É óbvio que a sua ação política foi uma aplicação daquilo que já defendia enquanto artista. Mas será hoje o inverso verdadeiro? É o cantor e compositor Gilberto Gil influenciado por aquilo que experienciou enquanto Ministro da Cultura?
Certamente que sim. Há um depósito na alma que deve ter guardado lá muitas coisinhas desse tempo. Na preparação das canções, essas épices devem surgir. Como em ‘Não Tenho Medo da Morte’ [tema de “Banda Larga Cordel”, 2008], quando canto: “Assim como um presidente/ Dando posse ao sucessor/ Terei que morrer vivendo/ Sabendo que já me vou”. De onde teria saído esse presidente para entrar na canção? Muitas outras dessas coisinhas devem estar prontas para sair da dispensa para a cozinha.

Caetano Veloso cita frequentemente esta frase de Rogério Duarte: “Gil é o profeta, Caetano é apenas seu apóstolo”. Qual a origem dessa oracular disposição?

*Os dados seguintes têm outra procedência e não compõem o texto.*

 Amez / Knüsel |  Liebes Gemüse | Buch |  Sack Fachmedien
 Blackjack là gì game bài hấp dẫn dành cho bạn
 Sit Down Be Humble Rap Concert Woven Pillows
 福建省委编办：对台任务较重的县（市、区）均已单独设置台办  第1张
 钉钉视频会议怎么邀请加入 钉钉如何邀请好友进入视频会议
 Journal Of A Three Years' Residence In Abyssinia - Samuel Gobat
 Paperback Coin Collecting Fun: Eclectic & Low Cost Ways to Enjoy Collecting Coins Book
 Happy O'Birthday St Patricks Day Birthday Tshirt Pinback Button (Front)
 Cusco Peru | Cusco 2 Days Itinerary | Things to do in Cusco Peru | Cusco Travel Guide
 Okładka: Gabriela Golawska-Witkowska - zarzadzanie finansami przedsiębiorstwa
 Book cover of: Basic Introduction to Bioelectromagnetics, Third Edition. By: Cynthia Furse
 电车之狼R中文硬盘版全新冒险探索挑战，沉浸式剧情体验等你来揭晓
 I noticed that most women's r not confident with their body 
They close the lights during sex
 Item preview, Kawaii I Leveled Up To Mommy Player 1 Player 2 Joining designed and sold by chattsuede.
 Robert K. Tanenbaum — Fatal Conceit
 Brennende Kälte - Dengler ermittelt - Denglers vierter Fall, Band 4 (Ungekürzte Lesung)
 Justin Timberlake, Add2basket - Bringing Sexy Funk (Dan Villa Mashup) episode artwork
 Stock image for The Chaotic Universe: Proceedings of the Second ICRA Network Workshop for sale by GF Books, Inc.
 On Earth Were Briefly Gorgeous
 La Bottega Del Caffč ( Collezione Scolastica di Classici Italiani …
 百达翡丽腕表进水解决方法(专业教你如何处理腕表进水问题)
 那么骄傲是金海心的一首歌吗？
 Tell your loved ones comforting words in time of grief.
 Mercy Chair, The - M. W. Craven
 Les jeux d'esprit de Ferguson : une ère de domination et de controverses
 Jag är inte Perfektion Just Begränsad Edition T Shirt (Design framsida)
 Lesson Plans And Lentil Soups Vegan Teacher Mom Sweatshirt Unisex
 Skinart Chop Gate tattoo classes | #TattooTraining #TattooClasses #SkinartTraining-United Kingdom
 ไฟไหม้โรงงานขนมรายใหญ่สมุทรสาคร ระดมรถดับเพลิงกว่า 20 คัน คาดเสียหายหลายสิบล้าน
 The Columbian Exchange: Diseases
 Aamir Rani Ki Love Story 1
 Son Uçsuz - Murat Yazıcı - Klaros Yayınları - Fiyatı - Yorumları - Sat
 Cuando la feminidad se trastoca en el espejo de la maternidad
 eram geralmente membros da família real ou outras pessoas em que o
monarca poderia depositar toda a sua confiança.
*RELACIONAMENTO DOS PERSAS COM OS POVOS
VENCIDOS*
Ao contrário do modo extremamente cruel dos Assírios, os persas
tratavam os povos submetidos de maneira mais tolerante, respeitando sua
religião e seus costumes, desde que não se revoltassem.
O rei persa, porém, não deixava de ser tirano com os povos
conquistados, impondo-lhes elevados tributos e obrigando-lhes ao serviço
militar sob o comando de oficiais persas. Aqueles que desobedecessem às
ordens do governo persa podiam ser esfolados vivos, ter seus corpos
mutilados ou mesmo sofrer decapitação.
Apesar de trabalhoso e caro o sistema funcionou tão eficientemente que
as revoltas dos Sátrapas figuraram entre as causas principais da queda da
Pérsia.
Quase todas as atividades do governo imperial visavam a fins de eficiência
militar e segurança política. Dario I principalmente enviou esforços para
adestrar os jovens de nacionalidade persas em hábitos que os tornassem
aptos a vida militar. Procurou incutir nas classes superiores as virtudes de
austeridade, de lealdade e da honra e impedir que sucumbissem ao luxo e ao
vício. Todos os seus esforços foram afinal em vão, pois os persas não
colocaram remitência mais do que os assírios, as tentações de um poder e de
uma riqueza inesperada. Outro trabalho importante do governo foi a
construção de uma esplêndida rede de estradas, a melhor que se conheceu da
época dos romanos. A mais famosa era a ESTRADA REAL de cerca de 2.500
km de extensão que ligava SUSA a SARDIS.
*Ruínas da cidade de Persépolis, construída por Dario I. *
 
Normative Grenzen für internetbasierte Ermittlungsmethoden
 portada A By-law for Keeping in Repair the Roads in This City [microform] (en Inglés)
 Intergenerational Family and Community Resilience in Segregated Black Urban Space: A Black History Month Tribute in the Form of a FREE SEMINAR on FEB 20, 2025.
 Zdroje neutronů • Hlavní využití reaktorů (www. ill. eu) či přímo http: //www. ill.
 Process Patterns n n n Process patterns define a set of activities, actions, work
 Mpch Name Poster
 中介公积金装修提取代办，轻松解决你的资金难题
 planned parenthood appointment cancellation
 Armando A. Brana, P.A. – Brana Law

Caetano é o número um e eu o número dois. Ele é o criativo e eu o recetivo. Cabe muita coisa na minha alma. Eu sou pluralista mesmo. Sou um artista devotado ao sentido panótico da visão. Vejo pela frente, pelos lados, pelas costas, pela sola dos pés, pelo topo da cabeça. Gosto de parecer um farol jogando luzes circularmente pela noite dentro.